If the latter, it get's even harder again. But either way if the
source pages just have to be regenerated anyway (eg. via page fault
on next access), then it might not even be worthwhile to do the
splice move.

--
To unsubscribe from this list: send the line "unsubscribe linux-kernel" in
the body of a message to majordomo(a)vger.kernel.org
More majordomo info at http://vger.kernel.org/majordomo-info.html
Please read the FAQ at http://www.tux.org/lkml/
From: Mathieu Desnoyers on
* Steven Rostedt (rostedt(a)goodmis.org) wrote:
> On Wed, 2010-05-19 at 17:33 +0200, Miklos Szeredi wrote:
> > On Wed, 19 May 2010, Linus Torvalds wrote:
> > > Btw, since you apparently have a real case - is the "splice to file"
> > > always just an append? IOW, if I'm not right in assuming that the only
> > > sane thing people would reasonable care about is "append to a file", then
> > > holler now.
> >
> > Virtual machines might reasonably need this for splicing to a disk
> > image.
>
> This comes down to balancing speed and complexity. Perhaps a copy is
> fine in this case.
>
> I'm concerned about high speed tracing, where we are always just taking
> pages from the trace ring buffer and appending them to a file or sending
> them off to the network. The slower this is, the more likely you will
> lose events.
>
> If the "move only on append to file" is easy to implement, I would
> really like to see that happen. The speed of splicing a disk image for a
> virtual machine only impacts the patience of the user. The speed of
> splicing tracing output, impacts how much you can trace without losing
> events.

I'm with Steven here. I only care about appending full pages at the end of a
file. If possible, I'd also like to steal back the pages after waiting for the
writeback I/O to complete so we can put them back in the ring buffer without
stressing the page cache and the page allocator needlessly.

Thanks,

Mathieu


--
Mathieu Desnoyers
Operating System Efficiency R&D Consultant
EfficiOS Inc.
http://www.efficios.com
--
To unsubscribe from this list: send the line "unsubscribe linux-kernel" in
the body of a message to majordomo(a)vger.kernel.org
More majordomo info at http://vger.kernel.org/majordomo-info.html
Please read the FAQ at http://www.tux.org/lkml/
From: Mathieu Desnoyers on
* Steven Rostedt (rostedt(a)goodmis.org) wrote:
> On Wed, 2010-05-19 at 07:59 -0700, Linus Torvalds wrote:
> >
>
> > Btw, since you apparently have a real case - is the "splice to file"
> > always just an append?

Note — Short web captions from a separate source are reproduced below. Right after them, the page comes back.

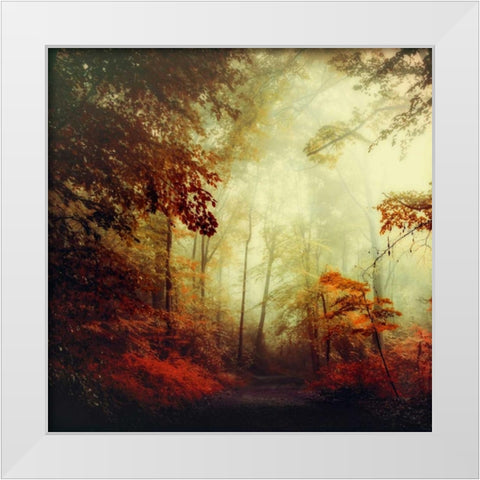Thats Not My Way White Modern Wood Framed Art Print by Wuestenhagen, Dirk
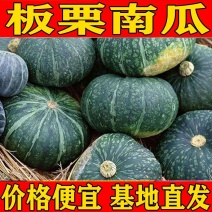 板栗南瓜沙漠种源绿粉面甜新西兰南瓜批发支持电商一件代发！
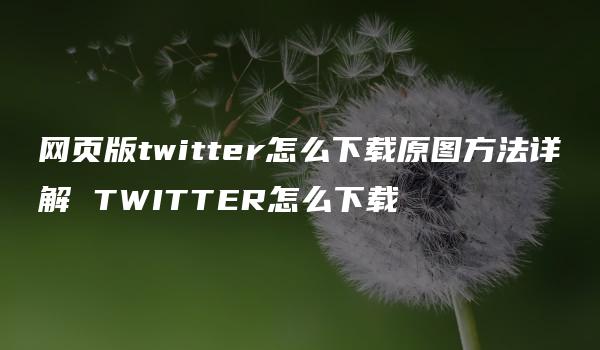 网页版twitter怎么下载原图方法详解 TWITTER怎么下载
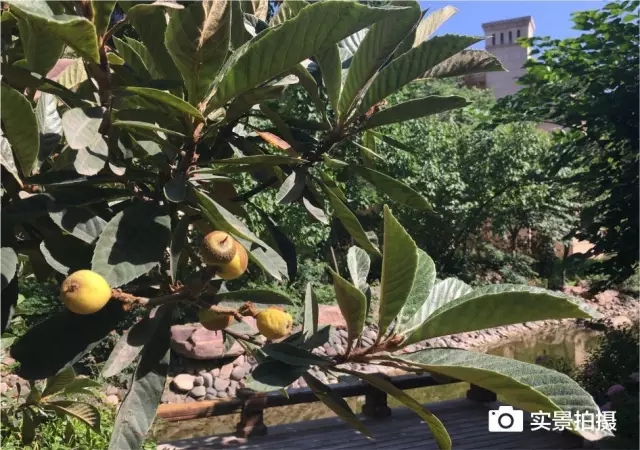 1547780673112017.jpg 640.webp (17).jpg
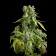 Blue Cheese Autoflowering cannabis seeds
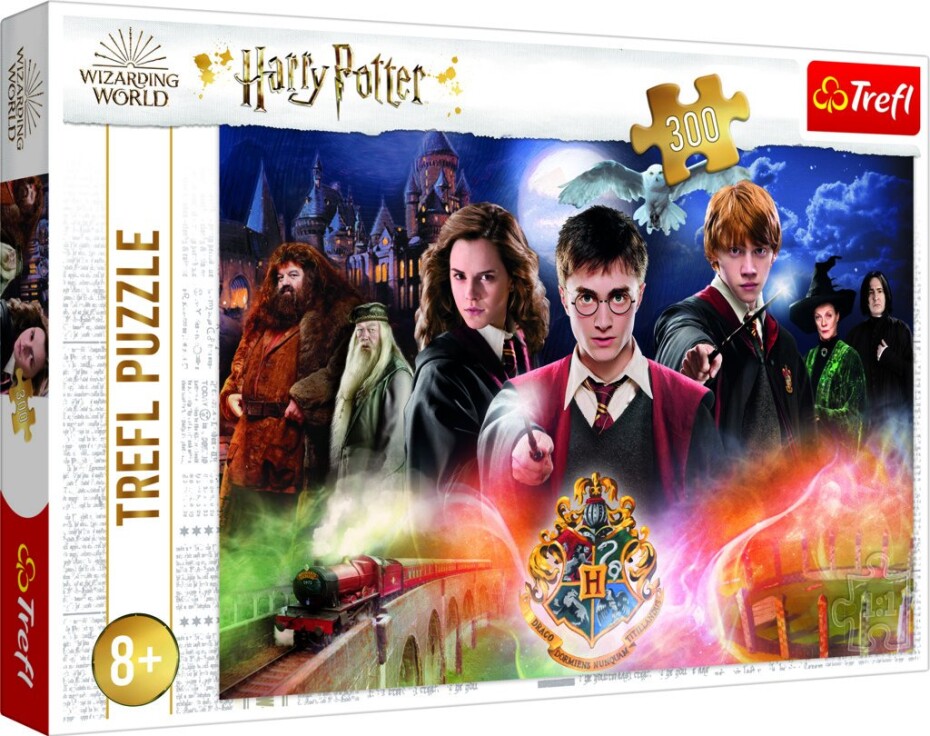 Trefl Puzzle Harry Potter - Tajemný Harry Potter/300 dílků - Trefl - main (0)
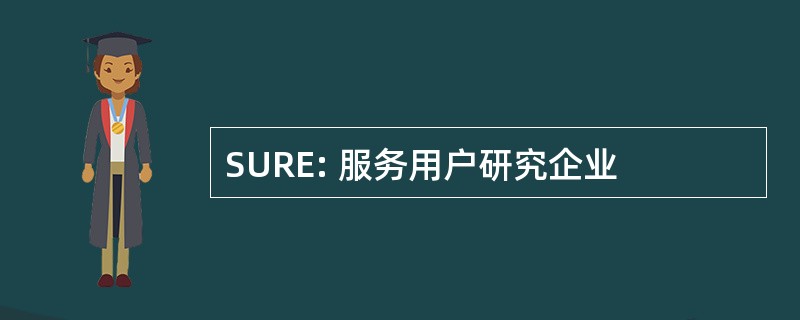 SURE: 服务用户研究企业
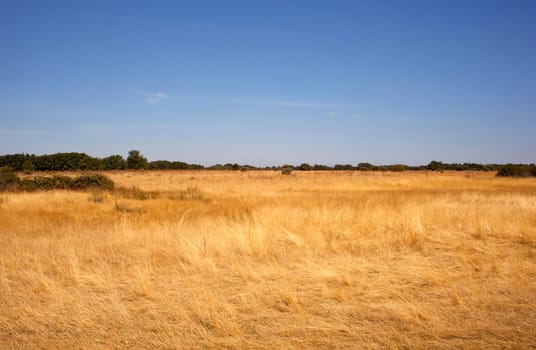 Field after harvest in Spain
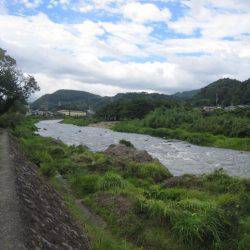 狩野川(狩野川漁業協同組合) 釣果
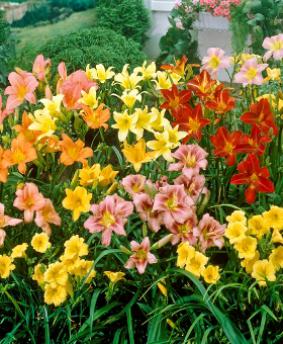 Hemerocallis mix Hemerocallis mix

IOW, if I'm not right in assuming that the only
> > sane thing people would reasonable care about is "append to a file", then
> > holler now.
>
> My use case is just to move the data from the ring buffer into a file
> (or network) as fast as possible. It creates a new file and all
> additions are "append to a file".
>
> I believe Mathieu does the same.
>
> With me, you are correct.

Same here. My ring buffer only ever use splice() to append at the end of a file
or to the network, and always outputs data in multiples of the page size.

Thanks,

Mathieu

>
> -- Steve
>
>

--
Mathieu Desnoyers
Operating System Efficiency R&D Consultant
EfficiOS Inc.
http://www.efficios.com
--
To unsubscribe from this list: send the line "unsubscribe linux-kernel" in
the body of a message to majordomo(a)vger.kernel.org
More majordomo info at http://vger.kernel.org/majordomo-info.html
Please read the FAQ at http://www.tux.org/lkml/
From: Miklos Szeredi on
On Wed, 19 May 2010, Linus Torvalds wrote:
> On Wed, 19 May 2010, Miklos Szeredi wrote:
> >
> > Another limitation I found while splicing from one file to another is
> > that stealing from the source file's page cache does not always
> > succeed. This turned out to be because of a reference from the lru
> > cache for freshly read pages. I'm not sure how this could be fixed.
>
> It should be fixed by saying "you can't always just move the page".
>
> Copying is not evil. Complexity to avoid copies is evil.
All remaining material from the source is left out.